How OpenTelemetry works

OpenTelemetry consists of six core elements.

  1. Instrumentation libraries. Instrumentation libraries enhance applications with the ability to generate telemetry data, such as traces, metrics, and logs. For example, a web application can be instrumented to track the number of requests it receives, response times for each request, and log any errors that occur during request handling.
  2. Receivers. These components are responsible for collecting the telemetry data from various sources. An example would be an OTLP (OTLP is the OpenTelemetry protocol for efficient telemetry data transmission) receiver configured in the OpenTelemetry Collector to receive data over gRPC or HTTP protocols from instrumented applications.
  3. Processors. Once data is received, it can be processed in various ways before exporting. For instance, a batch processor may be used to aggregate trace data and reduce the number of outgoing calls by bundling multiple spans into a single batch.
  4. Exporters. The processed data is then forwarded to backend systems for analysis and monitoring. As an example, an exporter could send processed trace data to a backend like Jaeger for distributed tracing visualization.
  5. Resource detectors. These automatically identify information about where the telemetry data is coming from, adding context and metadata. For instance, a Kubernetes resource detector can automatically tag telemetry data with the pod and node name from which it originates.
  6. Infrastructure operator. This component handles the deployment, management, and upgrades of the OpenTelemetry Collector. The infrastructure operator continuously ensures the correct setup of the Collector for receiving data from instrumented services and sending it to the appropriate backend systems.

The overall workflow of OpenTelemetry is designed to be flexible and extensible, allowing developers to choose and configure each component according to their specific observability needs.

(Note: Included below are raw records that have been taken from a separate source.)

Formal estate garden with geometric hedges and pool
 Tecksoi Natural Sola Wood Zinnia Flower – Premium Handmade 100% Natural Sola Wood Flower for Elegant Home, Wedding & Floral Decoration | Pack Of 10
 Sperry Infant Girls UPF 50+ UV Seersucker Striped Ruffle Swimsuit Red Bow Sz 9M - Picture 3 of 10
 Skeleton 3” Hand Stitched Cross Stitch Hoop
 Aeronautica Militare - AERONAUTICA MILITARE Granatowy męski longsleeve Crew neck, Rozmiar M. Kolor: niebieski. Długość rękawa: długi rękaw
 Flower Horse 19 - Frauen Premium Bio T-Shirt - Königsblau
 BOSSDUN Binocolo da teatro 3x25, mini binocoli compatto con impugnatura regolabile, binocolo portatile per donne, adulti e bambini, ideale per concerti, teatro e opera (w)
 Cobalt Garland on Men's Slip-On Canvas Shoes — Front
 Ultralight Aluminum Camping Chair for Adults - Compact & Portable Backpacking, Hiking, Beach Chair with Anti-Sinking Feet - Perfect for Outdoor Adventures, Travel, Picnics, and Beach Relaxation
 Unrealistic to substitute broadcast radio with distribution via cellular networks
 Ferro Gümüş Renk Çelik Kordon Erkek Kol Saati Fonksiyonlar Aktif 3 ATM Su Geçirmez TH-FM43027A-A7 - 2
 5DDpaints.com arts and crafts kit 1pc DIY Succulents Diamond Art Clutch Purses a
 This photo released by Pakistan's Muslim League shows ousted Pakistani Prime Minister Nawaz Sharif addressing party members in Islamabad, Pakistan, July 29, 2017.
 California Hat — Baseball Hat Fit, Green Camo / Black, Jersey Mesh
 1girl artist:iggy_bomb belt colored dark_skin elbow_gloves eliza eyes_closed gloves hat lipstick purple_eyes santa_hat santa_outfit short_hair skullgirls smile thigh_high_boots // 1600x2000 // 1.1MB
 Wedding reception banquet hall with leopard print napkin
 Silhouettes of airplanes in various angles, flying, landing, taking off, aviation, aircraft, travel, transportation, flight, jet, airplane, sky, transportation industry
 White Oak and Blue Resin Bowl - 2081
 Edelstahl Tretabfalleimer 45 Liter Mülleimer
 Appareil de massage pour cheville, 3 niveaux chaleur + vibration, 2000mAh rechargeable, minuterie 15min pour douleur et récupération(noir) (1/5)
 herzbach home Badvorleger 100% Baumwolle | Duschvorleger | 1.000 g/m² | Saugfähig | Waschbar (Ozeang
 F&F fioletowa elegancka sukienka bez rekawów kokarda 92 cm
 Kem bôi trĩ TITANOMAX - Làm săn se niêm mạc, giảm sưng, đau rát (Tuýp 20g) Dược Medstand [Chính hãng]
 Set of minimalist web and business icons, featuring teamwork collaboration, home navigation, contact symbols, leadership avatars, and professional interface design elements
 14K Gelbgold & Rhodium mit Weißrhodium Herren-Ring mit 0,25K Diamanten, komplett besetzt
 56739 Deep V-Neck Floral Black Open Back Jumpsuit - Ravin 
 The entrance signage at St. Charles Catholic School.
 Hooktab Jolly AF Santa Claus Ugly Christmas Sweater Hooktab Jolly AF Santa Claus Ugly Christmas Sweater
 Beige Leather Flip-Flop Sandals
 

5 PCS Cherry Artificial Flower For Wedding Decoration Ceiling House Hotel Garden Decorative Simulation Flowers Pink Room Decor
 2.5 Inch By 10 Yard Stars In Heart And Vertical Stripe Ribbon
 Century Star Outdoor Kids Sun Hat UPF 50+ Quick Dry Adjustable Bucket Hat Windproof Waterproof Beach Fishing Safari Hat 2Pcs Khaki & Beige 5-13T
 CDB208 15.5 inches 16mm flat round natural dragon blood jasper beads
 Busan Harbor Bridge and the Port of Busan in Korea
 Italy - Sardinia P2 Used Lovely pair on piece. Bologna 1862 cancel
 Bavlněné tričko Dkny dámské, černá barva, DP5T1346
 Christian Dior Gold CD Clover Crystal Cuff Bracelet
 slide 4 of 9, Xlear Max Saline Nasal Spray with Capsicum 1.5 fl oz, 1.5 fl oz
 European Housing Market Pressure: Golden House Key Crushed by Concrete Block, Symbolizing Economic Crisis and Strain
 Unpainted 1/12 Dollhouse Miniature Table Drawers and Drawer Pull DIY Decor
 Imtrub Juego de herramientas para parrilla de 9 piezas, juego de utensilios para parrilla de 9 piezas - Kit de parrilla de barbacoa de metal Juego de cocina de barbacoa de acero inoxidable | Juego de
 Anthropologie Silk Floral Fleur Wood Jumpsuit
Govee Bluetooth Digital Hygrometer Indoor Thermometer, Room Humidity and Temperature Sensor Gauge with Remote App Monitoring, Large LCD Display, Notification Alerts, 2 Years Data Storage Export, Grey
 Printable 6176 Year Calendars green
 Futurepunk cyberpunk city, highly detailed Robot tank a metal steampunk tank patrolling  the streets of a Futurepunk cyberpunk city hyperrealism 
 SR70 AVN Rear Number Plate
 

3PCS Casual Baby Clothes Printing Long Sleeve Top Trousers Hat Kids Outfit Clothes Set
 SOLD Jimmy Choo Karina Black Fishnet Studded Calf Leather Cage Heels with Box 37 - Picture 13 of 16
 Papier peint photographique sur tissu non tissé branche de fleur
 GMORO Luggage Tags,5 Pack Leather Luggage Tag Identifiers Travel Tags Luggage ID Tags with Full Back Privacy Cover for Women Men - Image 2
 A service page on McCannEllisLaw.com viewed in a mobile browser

Components of OpenTelemetry

Chart of OpenTelemetry components

12 common data sources for OpenTelemetry

The OpenTelemetry Collector within a Kubernetes cluster can receive telemetry data from a variety of sources. Here’s a rundown of the 12 most relevant ones:

  1. Application instrumentation. Applications running in pods that are instrumented using OpenTelemetry SDKs can send traces, metrics, and logs to the Collector. Instrumentation can be manual or automatic (auto-instrumentation) depending on the language and framework.
  2. Node-level metrics. Node-level metrics can be collected via integrations with Kubernetes components like Kubelet, which exposes metrics about the node and the pods running on it.
  3. Kubernetes cluster events. Kubernetes cluster events can be collected, offering insights into what is happening within the cluster.
  4. Kubernetes API server. The API server provides control plane metrics and audit logs that can be collected by the OpenTelemetry Collector.
  5. Service mesh. If a service mesh like Istio or Linkerd is in use, the Collector can receive metrics and traces about the traffic between services.
  6. Container runtime. The container runtime (like Docker, containerd) on each node can provide metrics and logs about container states, resource usage, etc.
  7. Host metrics. System metrics from the host machine, such as CPU, memory, disk, and network usage.
  8. Logging daemons. Fluentd, Fluent Bit, or other logging daemons that collect logs from pods and nodes can be configured to send logs to the OpenTelemetry Collector.
  9. Third-party integrations. Various exporters or receivers for third-party systems like Prometheus, Jaeger, Zipkin, and others, which the Collector can receive data from.
  10. Cloud provider metrics. Metrics from cloud provider services, if the Kubernetes cluster is hosted on a cloud platform like AWS, GCP, or Azure.
  11. Probes and health checks. Liveness and readiness probes can generate data that, while not typically sent to the Collector directly, can influence application metrics collected.
  12. Custom metrics. Custom metrics sources, like those from in-cluster services or databases, that expose their own metrics in a format that the OpenTelemetry Collector can ingest.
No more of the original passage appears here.